As you go about your day, CONTINUING to NOTICE how you label things as right or wrong, and get unhappy when you choose "wrong", also notice where you are saying to yourself, "He/she has to be right. Ha! I'm so much more evolved than that one. I know about this being right nonsense now." It's just you, still trying to be right and making another person wrong.
Just notice. And....try not to be right today!
P.M. Entry
Day Two. Right vs. Wrong Challenge. Today, I'd like to continue to increase your awareness (and mine) about how much time and energy we place on categorizing things as right or wrong. And how angry it makes us when we decide "wrong." Perhaps you can do this mentally, but I'm betting you will have a bigger light bulb moment if you keep manual track. A Post-It and a pen by your side today? Notice when you listen to the news, while commuting, in the office, at home, reading emails, reading Facebook...how often do you get an charge of some kind of DISCOMFORT because you labeled something WRONG. Never mind the charge that we get when we SAY it. For today, I want you to notice how prevalent it is in your thinking and how unhappy it makes YOU and no one else.
Afternoon Follow Up:
Remember to note the drivers' wrong-doings on your commute. Notice how often you correct your kids tonight vs. just letting them figure it out on their own "for their own good". With your loved ones, notice the way the direction of your small talk goes---do you go straight to the negative, the news, the dramas of your workplace? How 'bout comments in emails or Facebook. Do you feel the itch to straighten someone out? Do they need a good dose of YOUR opinion?? Write it down!

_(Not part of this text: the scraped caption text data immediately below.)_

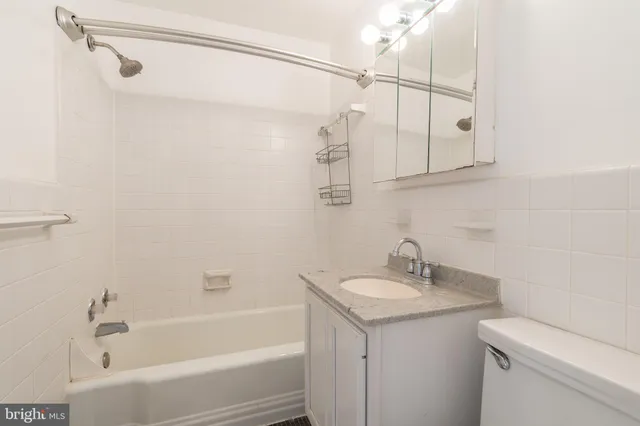 a bathroom with a sink a mirror and a shower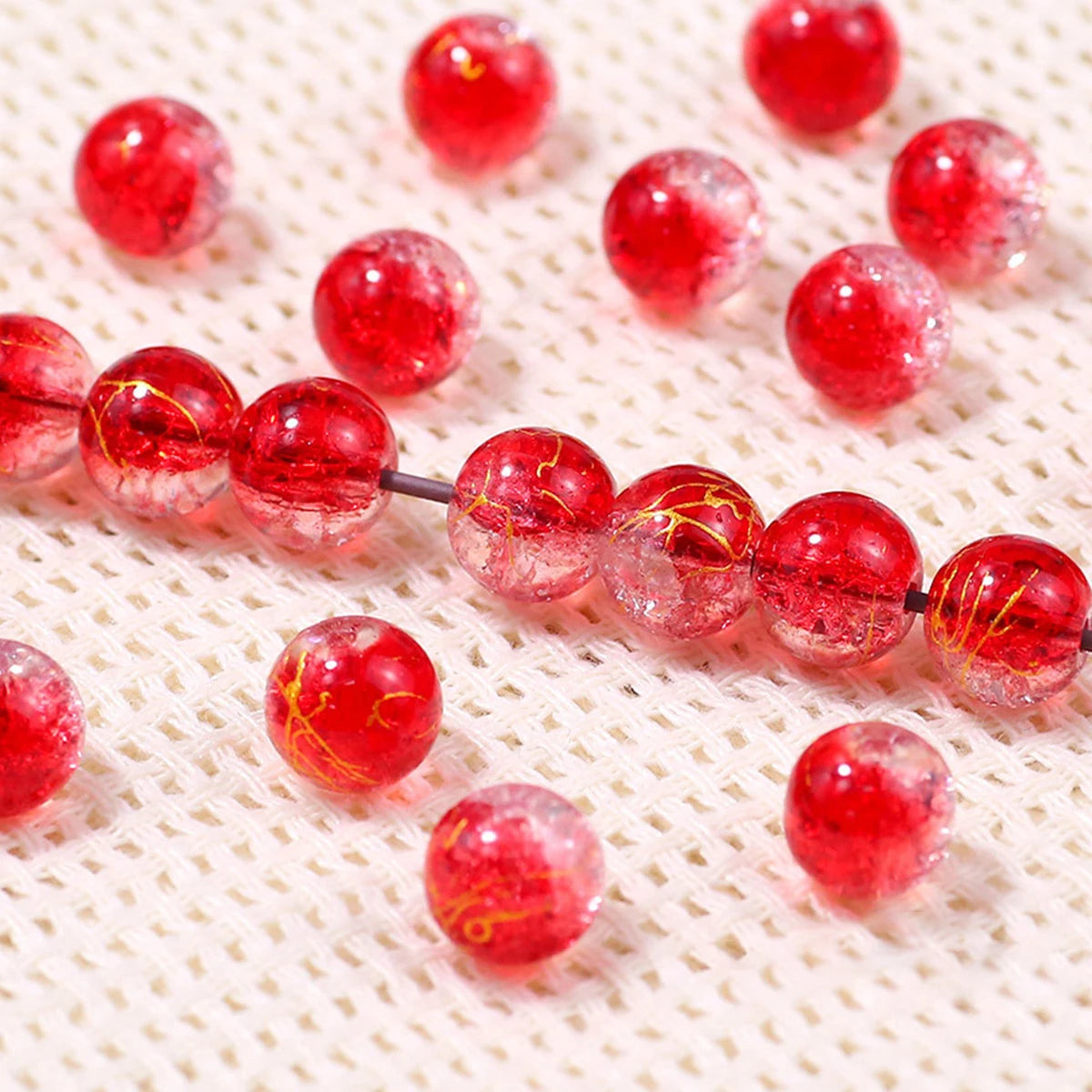 Red gradient crystal glass beads with a golden crackle finish scattered on a white surface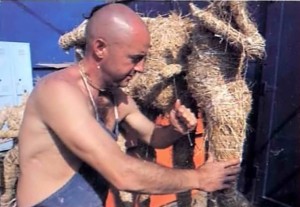 ISKCON devotee makes doll from straw for diorama exhibit - 1977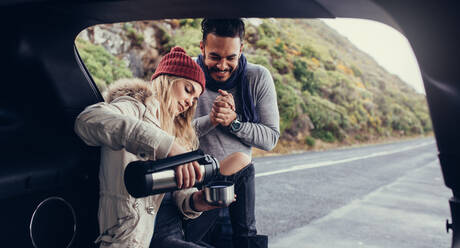 Eine Frau gibt einem Mann, der vor dem Auto steht, heißen Kaffee. Ein Paar auf einer Autoreise macht an einem Wintertag eine Kaffeepause. - JLPSF03068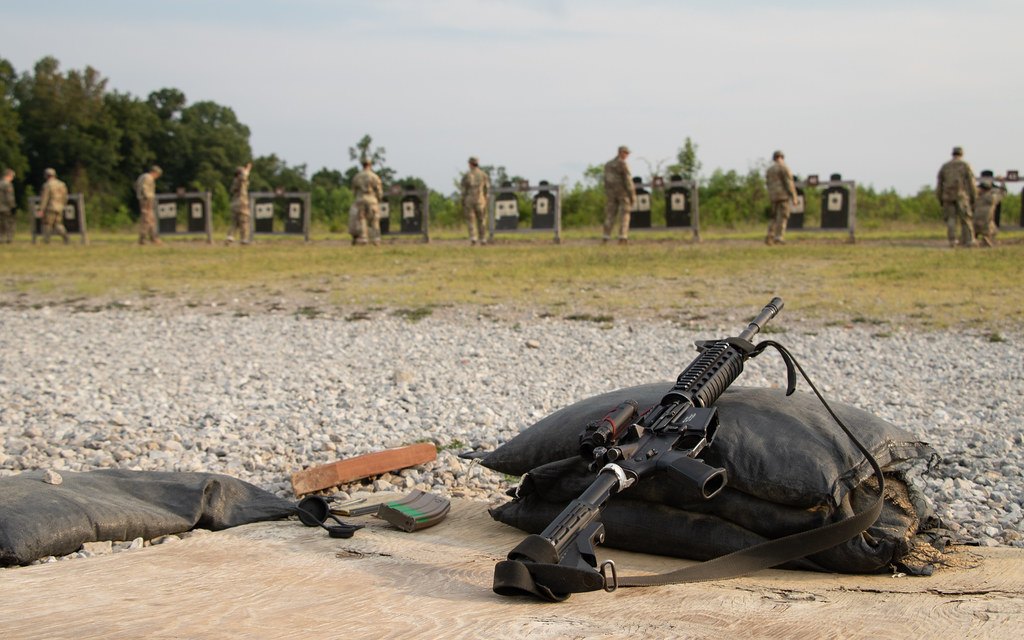A carbine fitted with a sling resting on a sandbag at a gravel firing point, with silhouette targets in the distance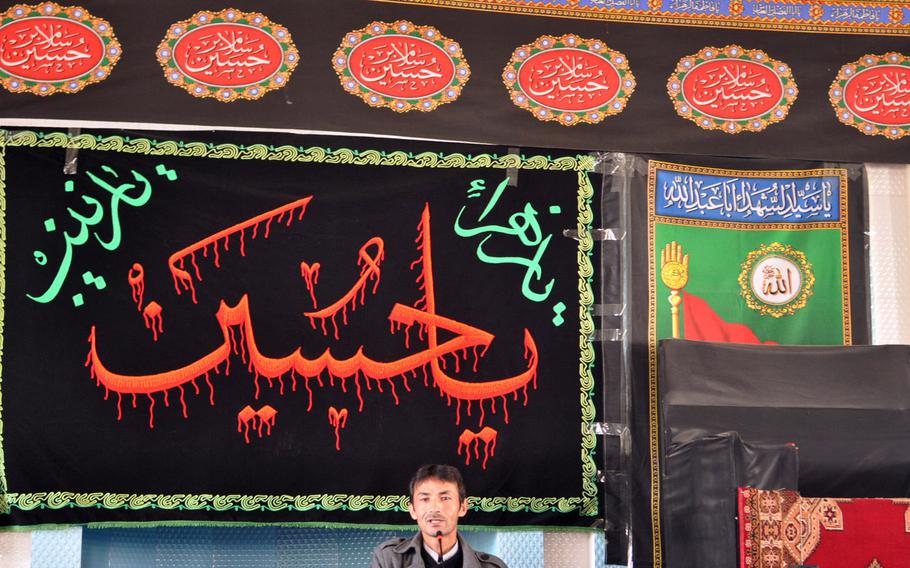 An imam gives an Ashura sermon Thursday at a mosque in Bamiyan, Afghanistan. Ashura is a day of mourning for Shia Muslims, commemorating the martyrdom of Hussein Ibn Ali, grandson of the prophet Muhammad. Observances of the day are more tame in Afghanistan than in parts of the Middle East, where Shias will sometimes flog themselves bloody.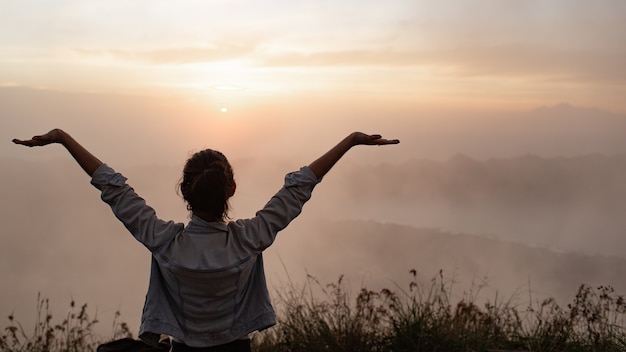 Portrait. girl pulls her hands to the sun. on the volcano batur. Bali Indonesia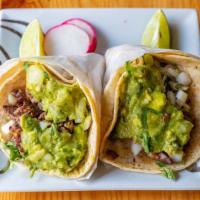 Tacos · Corn tortilla with choice of meat, cilantro, onions and guacamole.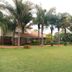Hillside Manor in Bulawayo with palm trees, a wide lawn, and a brick building exterior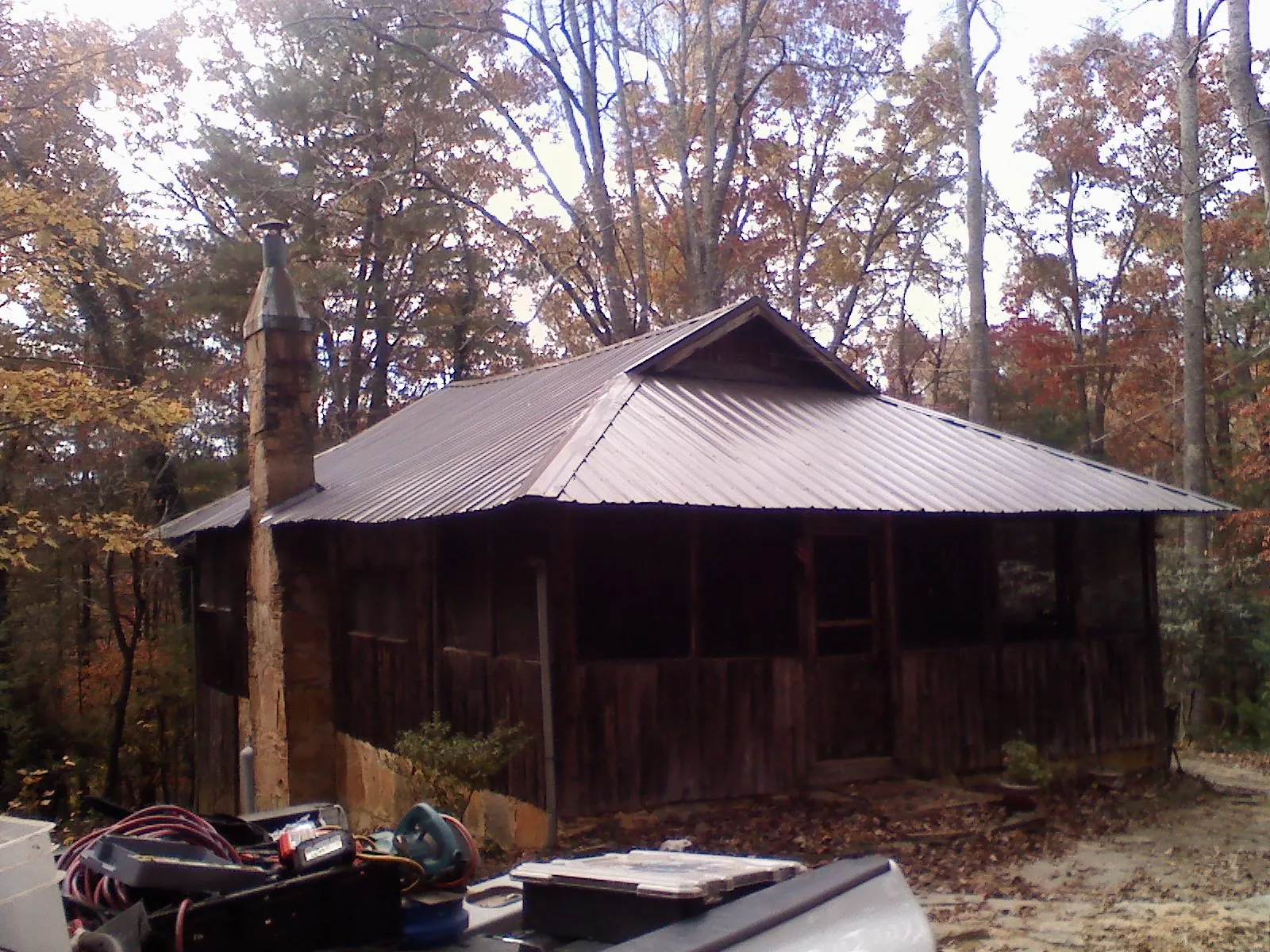 Brown metal hip roof on an old cabin with a stone chimney in Plymouth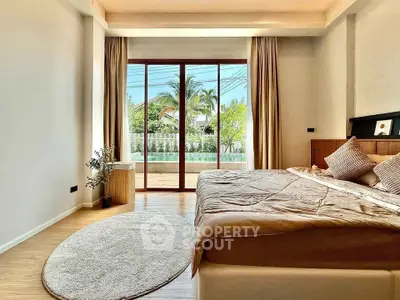 Spacious bedroom with large window and garden view, featuring elegant decor and natural light.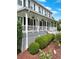 Inviting front porch with white railings, lattice trim, and meticulous landscaping at 21 Picketts Ridge Ln, Acworth, GA 30101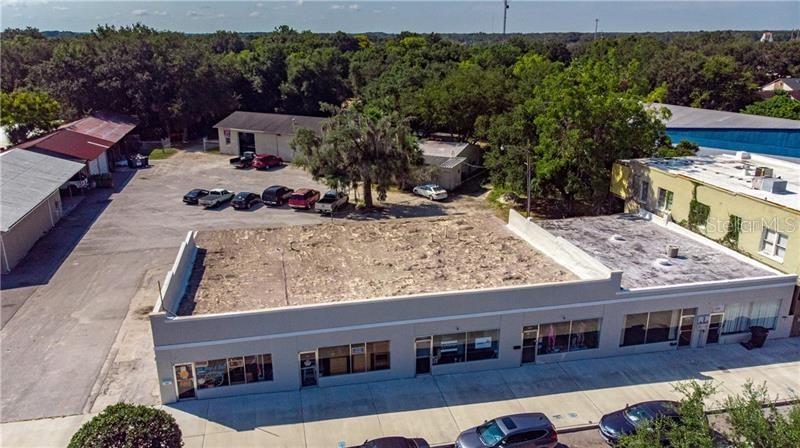 An aerial view shows a commercial building with a flat roof and adjacent parking lot — 1219 W MAIN STREET, LEESBURG, FL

Day One of our "When Being Right is Wrong" Challenge.
Dr. Robert Bolten, of the bestselling "People Skills" said this about his twenty-five year research on conflict: "Over 95% of all conflict stems from our own irresistible need to be right."
Today, just NOTICE (it's only Day One!) where you need to be right. Notice how you can't STAND to be thought wrong. Notice how you mentally yell at yourself for a mistake. Just NOTICE today (and share any insights with us, please!)
AFTERNOON FOLLOW-UP:
When Being Right is Wrong...
In my private practice and in my public workshops, I have discovered one thing: Everyone's problem is coming from just one thought...
And because this just can't be true for everyone, or anyone, many of us on Facebook took on a 30-Day Challenge to NOT be right. Yep. To be wrong.
Or at least to see that being right is never the highest prize. That building trust is where we find satisfaction in our key relationships. And forcing our rightness, our opinion, our judgment on another is never a trust-builder. Apologizing, admitting mistakes, correcting our errors are always the way to go (and means we were wrong, by the way).